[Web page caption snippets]
━━━━━━━━

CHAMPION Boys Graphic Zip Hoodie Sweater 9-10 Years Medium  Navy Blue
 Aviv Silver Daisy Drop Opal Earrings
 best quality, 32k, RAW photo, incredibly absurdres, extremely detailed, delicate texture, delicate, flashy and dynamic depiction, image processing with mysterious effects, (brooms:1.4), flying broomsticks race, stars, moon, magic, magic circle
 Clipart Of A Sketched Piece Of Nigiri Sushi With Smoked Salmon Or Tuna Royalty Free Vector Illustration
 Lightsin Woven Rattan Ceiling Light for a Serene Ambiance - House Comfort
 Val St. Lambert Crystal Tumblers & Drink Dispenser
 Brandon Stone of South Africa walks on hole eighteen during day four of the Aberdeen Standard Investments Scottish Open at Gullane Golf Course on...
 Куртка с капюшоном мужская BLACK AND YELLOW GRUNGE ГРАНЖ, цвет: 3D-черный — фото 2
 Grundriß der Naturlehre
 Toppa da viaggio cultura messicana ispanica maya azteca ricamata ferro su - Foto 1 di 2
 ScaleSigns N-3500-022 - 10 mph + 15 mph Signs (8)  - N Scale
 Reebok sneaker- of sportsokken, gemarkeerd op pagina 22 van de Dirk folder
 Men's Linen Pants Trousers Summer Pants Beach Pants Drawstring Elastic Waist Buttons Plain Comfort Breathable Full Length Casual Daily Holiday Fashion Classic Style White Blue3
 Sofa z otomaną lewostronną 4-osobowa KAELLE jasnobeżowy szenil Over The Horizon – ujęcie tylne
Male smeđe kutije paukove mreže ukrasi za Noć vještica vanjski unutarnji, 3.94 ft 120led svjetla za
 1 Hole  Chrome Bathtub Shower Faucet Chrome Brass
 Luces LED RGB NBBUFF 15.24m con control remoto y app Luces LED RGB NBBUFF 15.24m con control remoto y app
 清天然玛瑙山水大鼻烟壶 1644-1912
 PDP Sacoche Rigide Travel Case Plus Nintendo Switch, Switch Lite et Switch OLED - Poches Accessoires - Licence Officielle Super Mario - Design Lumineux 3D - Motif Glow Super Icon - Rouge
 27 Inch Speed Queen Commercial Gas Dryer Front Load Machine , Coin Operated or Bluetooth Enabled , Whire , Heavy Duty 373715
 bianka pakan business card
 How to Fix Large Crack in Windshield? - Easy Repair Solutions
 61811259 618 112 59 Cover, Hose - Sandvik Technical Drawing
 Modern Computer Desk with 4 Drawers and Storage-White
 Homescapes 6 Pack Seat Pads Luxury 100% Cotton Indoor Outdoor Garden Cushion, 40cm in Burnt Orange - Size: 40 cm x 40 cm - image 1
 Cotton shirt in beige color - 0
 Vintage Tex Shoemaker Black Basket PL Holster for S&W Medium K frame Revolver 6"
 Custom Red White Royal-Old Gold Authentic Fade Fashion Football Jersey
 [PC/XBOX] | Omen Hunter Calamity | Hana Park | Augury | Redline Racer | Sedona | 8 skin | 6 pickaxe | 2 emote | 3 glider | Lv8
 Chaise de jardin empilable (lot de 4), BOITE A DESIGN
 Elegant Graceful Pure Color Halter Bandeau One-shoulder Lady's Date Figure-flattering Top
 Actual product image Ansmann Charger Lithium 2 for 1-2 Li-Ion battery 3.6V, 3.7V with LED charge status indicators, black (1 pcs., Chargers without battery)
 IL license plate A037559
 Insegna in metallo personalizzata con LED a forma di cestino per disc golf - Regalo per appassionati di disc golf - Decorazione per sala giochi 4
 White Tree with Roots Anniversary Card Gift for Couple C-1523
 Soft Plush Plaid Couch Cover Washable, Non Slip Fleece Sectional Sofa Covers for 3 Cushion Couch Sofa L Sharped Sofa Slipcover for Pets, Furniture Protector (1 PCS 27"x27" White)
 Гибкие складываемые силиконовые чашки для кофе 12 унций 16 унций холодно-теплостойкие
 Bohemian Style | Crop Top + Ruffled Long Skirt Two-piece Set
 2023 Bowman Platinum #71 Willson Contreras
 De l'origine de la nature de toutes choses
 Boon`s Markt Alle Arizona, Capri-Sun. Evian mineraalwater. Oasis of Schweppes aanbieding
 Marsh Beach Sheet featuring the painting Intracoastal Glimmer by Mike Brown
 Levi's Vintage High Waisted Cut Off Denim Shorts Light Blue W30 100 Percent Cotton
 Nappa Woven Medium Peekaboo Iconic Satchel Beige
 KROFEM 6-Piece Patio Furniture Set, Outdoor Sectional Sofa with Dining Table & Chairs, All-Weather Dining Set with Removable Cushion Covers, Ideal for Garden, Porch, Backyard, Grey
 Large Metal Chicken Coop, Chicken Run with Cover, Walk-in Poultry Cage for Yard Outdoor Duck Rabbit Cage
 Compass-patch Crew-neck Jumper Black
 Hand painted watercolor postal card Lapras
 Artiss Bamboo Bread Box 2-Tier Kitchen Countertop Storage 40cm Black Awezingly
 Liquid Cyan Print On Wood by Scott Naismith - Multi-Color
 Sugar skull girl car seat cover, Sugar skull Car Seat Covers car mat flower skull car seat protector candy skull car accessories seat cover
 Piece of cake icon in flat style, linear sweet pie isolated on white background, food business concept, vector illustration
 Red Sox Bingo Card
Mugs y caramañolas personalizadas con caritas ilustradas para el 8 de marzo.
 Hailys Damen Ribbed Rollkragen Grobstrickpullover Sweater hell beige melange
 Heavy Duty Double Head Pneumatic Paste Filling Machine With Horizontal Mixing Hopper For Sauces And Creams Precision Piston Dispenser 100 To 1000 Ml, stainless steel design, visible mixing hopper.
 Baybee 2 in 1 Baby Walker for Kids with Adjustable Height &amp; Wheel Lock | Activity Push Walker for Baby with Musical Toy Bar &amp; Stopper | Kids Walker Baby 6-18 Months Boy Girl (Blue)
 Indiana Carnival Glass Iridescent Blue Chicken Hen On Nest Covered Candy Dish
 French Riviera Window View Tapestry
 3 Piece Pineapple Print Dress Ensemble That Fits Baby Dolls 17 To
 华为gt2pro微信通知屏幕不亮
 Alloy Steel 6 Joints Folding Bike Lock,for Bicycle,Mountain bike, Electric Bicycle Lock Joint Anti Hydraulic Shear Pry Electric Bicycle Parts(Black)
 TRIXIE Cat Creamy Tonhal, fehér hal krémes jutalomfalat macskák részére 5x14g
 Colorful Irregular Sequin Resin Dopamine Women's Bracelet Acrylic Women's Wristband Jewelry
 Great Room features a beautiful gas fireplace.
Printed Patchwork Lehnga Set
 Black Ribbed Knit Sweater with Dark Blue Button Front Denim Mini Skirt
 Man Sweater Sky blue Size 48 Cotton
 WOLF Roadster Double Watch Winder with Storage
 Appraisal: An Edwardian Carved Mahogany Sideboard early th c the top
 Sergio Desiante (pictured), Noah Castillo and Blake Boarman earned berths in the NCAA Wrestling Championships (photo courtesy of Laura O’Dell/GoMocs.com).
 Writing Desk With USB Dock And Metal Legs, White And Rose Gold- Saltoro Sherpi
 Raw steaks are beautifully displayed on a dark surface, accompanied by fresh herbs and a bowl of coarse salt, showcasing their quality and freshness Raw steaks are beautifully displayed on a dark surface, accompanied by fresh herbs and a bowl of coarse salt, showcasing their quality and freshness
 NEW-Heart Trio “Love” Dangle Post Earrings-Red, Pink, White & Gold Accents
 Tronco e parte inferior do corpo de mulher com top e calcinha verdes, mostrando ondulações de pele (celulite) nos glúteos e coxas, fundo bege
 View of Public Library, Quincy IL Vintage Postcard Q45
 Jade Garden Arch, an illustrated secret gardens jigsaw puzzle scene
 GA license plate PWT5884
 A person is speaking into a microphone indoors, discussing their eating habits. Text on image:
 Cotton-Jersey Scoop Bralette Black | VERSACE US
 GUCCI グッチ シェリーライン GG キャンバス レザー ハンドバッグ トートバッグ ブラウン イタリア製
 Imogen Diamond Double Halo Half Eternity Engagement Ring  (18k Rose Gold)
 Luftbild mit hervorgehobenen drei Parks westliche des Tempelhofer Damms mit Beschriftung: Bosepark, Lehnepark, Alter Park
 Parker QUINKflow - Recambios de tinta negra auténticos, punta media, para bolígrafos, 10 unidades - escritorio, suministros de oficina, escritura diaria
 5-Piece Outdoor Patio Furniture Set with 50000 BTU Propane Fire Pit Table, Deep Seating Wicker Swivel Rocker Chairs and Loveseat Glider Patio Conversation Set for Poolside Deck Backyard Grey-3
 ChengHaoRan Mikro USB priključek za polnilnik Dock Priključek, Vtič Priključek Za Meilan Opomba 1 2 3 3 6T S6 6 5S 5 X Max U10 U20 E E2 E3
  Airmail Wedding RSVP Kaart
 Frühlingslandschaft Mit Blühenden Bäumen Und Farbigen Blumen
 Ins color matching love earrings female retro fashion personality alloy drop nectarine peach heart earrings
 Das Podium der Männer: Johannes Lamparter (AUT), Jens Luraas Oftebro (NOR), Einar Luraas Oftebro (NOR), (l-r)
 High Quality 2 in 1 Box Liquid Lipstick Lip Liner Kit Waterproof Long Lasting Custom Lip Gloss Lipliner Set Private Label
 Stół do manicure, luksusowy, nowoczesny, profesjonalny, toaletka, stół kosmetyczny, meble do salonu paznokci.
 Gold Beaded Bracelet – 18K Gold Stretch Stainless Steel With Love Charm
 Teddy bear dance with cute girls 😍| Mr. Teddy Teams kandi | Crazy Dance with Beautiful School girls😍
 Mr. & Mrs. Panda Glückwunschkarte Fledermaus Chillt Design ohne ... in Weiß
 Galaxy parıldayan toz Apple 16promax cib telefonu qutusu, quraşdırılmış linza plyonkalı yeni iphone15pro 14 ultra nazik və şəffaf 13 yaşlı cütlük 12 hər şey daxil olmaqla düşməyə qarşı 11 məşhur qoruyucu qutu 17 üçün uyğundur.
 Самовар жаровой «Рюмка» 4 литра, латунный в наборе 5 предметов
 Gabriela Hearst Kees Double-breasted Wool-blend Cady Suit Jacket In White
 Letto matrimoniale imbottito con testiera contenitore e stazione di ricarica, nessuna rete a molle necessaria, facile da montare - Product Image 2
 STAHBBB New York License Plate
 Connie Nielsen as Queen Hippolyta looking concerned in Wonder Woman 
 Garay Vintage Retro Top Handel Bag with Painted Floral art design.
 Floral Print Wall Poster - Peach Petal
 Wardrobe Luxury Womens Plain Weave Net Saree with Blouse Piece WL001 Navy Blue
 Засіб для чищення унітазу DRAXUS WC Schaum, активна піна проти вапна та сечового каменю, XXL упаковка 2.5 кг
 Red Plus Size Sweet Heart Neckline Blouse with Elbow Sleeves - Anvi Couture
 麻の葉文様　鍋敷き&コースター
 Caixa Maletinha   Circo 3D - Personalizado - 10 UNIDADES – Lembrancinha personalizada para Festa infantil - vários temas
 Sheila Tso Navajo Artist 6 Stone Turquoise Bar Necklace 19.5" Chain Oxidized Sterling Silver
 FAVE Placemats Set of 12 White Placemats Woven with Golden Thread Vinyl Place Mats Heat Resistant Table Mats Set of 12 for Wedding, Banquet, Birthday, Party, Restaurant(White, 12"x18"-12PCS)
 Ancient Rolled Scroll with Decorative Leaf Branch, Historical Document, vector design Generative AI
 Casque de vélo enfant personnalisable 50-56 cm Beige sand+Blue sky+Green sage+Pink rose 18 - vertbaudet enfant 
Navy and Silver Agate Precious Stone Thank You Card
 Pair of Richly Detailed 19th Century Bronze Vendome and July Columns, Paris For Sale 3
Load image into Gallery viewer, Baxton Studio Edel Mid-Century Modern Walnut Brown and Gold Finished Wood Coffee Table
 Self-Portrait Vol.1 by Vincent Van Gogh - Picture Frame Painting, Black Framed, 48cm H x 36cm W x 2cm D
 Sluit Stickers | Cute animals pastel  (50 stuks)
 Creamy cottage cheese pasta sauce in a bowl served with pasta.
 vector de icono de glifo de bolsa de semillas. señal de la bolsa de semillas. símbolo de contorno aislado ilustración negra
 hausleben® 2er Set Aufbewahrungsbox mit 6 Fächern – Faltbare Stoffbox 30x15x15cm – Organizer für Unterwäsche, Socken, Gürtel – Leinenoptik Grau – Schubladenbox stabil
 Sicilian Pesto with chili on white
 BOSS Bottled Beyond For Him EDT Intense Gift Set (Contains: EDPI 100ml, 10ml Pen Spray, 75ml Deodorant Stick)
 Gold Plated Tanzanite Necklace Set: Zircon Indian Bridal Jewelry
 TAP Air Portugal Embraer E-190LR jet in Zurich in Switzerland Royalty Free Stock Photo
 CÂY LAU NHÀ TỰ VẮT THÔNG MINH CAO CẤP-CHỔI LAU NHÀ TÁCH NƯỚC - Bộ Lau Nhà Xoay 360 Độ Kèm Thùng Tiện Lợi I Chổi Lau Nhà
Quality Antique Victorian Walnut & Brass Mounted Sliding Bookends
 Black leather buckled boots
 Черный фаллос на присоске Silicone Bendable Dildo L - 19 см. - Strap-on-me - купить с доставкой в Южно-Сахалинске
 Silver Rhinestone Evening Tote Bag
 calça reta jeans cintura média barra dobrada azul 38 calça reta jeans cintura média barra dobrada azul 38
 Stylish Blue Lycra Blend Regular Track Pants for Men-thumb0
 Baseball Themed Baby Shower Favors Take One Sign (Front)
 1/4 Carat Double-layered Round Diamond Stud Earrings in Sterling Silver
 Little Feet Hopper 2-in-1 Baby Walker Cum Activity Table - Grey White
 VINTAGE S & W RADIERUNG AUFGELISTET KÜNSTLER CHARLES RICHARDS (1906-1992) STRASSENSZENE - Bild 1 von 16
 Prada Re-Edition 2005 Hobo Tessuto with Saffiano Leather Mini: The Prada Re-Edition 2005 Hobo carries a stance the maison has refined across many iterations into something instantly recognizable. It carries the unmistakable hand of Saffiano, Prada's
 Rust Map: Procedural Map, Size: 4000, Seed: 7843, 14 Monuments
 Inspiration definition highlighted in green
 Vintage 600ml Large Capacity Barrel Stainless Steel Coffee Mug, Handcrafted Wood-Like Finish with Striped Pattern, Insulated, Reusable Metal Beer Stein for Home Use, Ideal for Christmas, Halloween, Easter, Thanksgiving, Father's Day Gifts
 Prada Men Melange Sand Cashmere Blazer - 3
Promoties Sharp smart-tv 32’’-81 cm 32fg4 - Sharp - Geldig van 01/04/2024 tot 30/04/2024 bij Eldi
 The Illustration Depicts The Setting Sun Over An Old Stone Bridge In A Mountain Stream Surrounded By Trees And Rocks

━━━━━━━━

**TASK TO CARRY OUT**
Reprint exactly the lines above that start at the one with "Гибкие складываемые силиконовые" and end at the one with "TRIXIE Cat Creamy", keeping both and adding none.

**RESPONSE TO THIS TASK**
 Гибкие складываемые силиконовые чашки для кофе 12 унций 16 унций холодно-теплостойкие
 Bohemian Style | Crop Top + Ruffled Long Skirt Two-piece Set
 2023 Bowman Platinum #71 Willson Contreras
 De l'origine de la nature de toutes choses
 Boon`s Markt Alle Arizona, Capri-Sun. Evian mineraalwater. Oasis of Schweppes aanbieding
 Marsh Beach Sheet featuring the painting Intracoastal Glimmer by Mike Brown
 Levi's Vintage High Waisted Cut Off Denim Shorts Light Blue W30 100 Percent Cotton
 Nappa Woven Medium Peekaboo Iconic Satchel Beige
 KROFEM 6-Piece Patio Furniture Set, Outdoor Sectional Sofa with Dining Table & Chairs, All-Weather Dining Set with Removable Cushion Covers, Ideal for Garden, Porch, Backyard, Grey
 Large Metal Chicken Coop, Chicken Run with Cover, Walk-in Poultry Cage for Yard Outdoor Duck Rabbit Cage
 Compass-patch Crew-neck Jumper Black
 Hand painted watercolor postal card Lapras
 Artiss Bamboo Bread Box 2-Tier Kitchen Countertop Storage 40cm Black Awezingly
 Liquid Cyan Print On Wood by Scott Naismith - Multi-Color
 Sugar skull girl car seat cover, Sugar skull Car Seat Covers car mat flower skull car seat protector candy skull car accessories seat cover
 Piece of cake icon in flat style, linear sweet pie isolated on white background, food business concept, vector illustration
 Red Sox Bingo Card
Mugs y caramañolas personalizadas con caritas ilustradas para el 8 de marzo.
 Hailys Damen Ribbed Rollkragen Grobstrickpullover Sweater hell beige melange
 Heavy Duty Double Head Pneumatic Paste Filling Machine With Horizontal Mixing Hopper For Sauces And Creams Precision Piston Dispenser 100 To 1000 Ml, stainless steel design, visible mixing hopper.
 Baybee 2 in 1 Baby Walker for Kids with Adjustable Height &amp; Wheel Lock | Activity Push Walker for Baby with Musical Toy Bar &amp; Stopper | Kids Walker Baby 6-18 Months Boy Girl (Blue)
 Indiana Carnival Glass Iridescent Blue Chicken Hen On Nest Covered Candy Dish
 French Riviera Window View Tapestry
 3 Piece Pineapple Print Dress Ensemble That Fits Baby Dolls 17 To
 华为gt2pro微信通知屏幕不亮
 Alloy Steel 6 Joints Folding Bike Lock,for Bicycle,Mountain bike, Electric Bicycle Lock Joint Anti Hydraulic Shear Pry Electric Bicycle Parts(Black)
 TRIXIE Cat Creamy Tonhal, fehér hal krémes jutalomfalat macskák részére 5x14g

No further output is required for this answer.